## PROBLEM REQUIREMENTS
After finding "Calm and balanced animals" in the data, write out its line and all following lines without change, up to and including the last one. Leave out pictures.

## GIVEN MATERIAL
Content starts

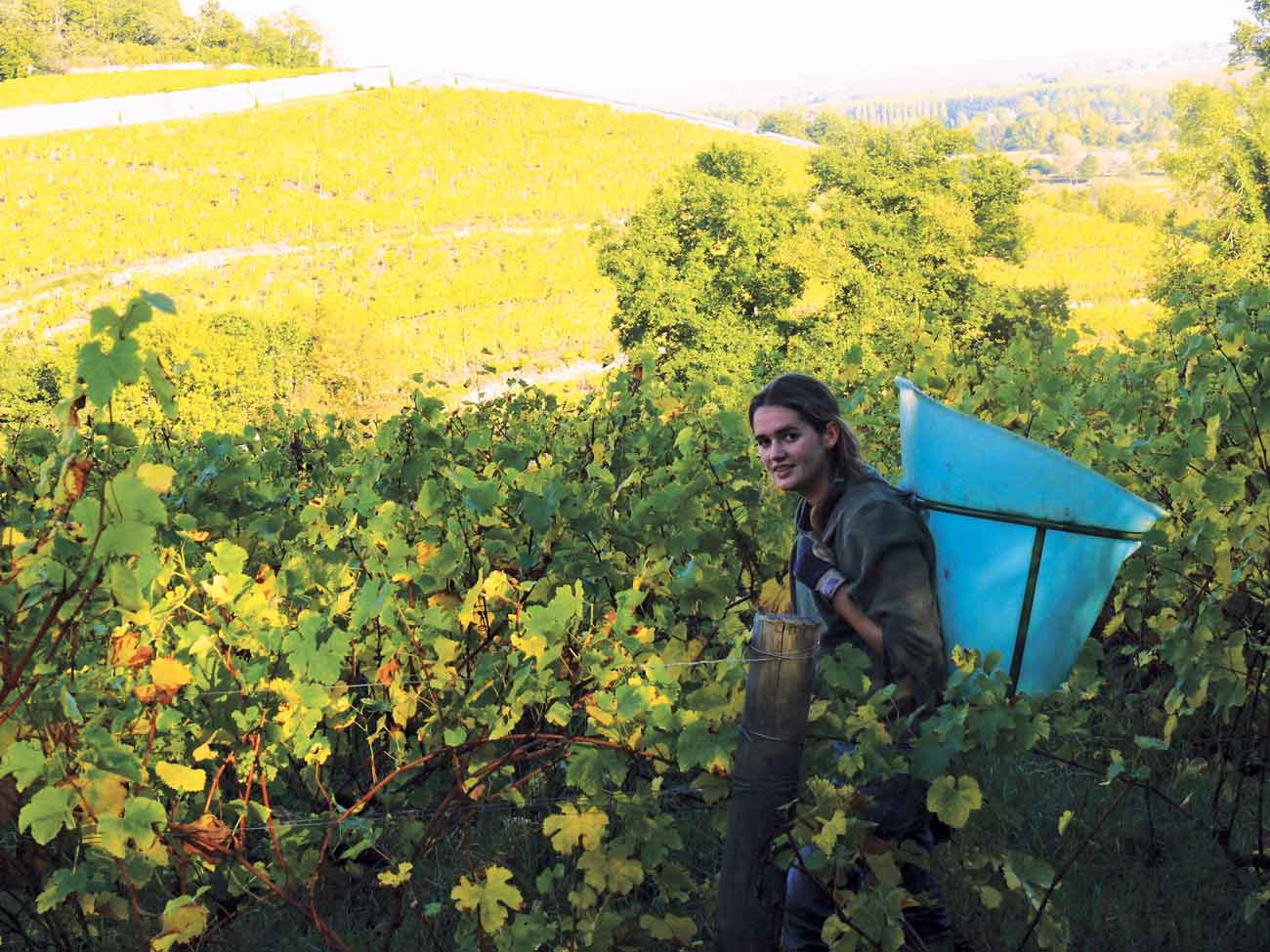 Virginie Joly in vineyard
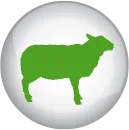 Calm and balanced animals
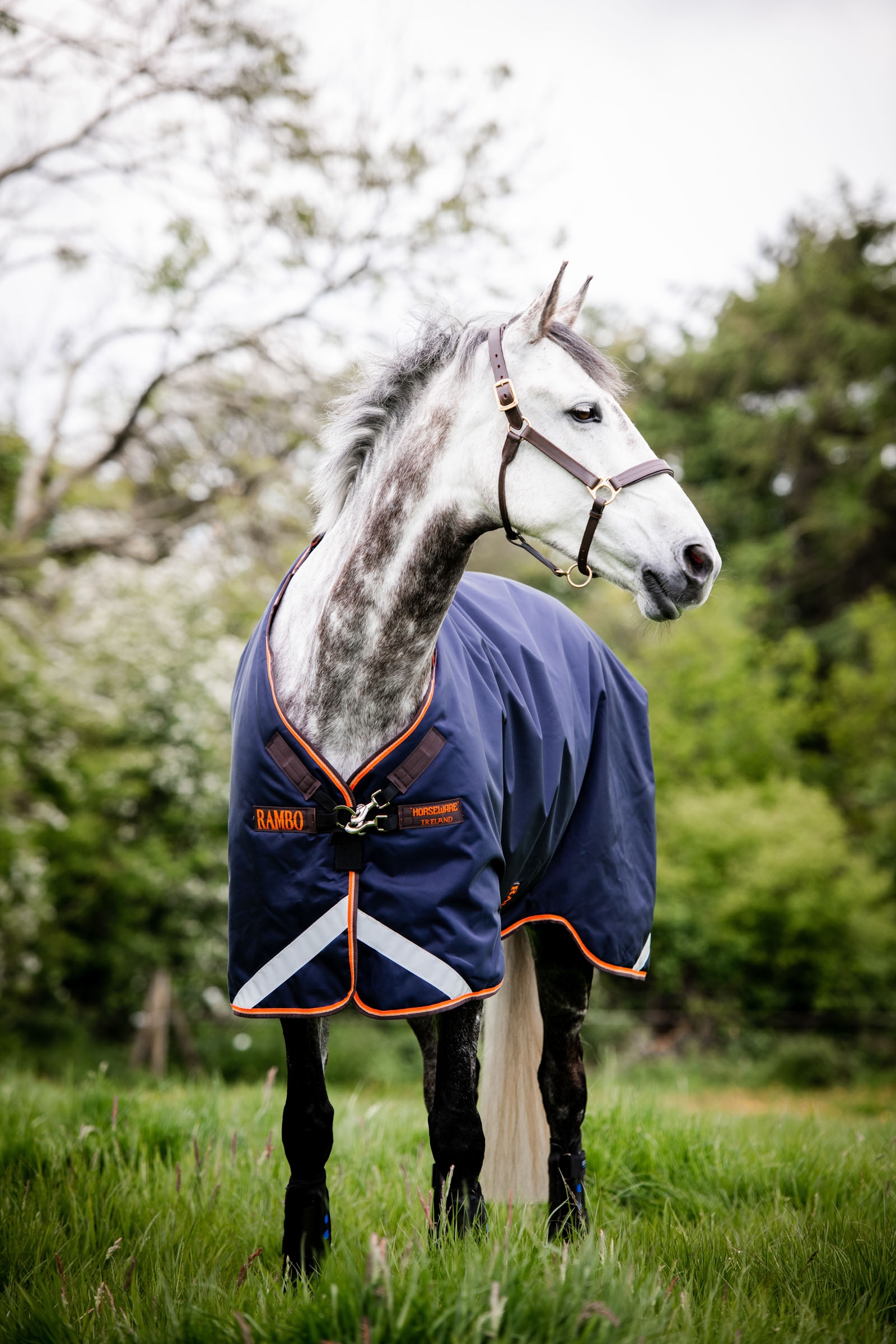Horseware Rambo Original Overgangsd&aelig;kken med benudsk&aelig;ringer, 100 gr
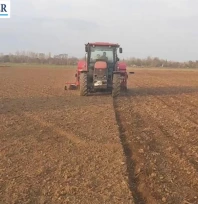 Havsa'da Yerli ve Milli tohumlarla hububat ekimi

Content ends

## ANSWER TO THIS TASK
 Calm and balanced animals
Horseware Rambo Original Overgangsd&aelig;kken med benudsk&aelig;ringer, 100 gr
 Havsa'da Yerli ve Milli tohumlarla hububat ekimi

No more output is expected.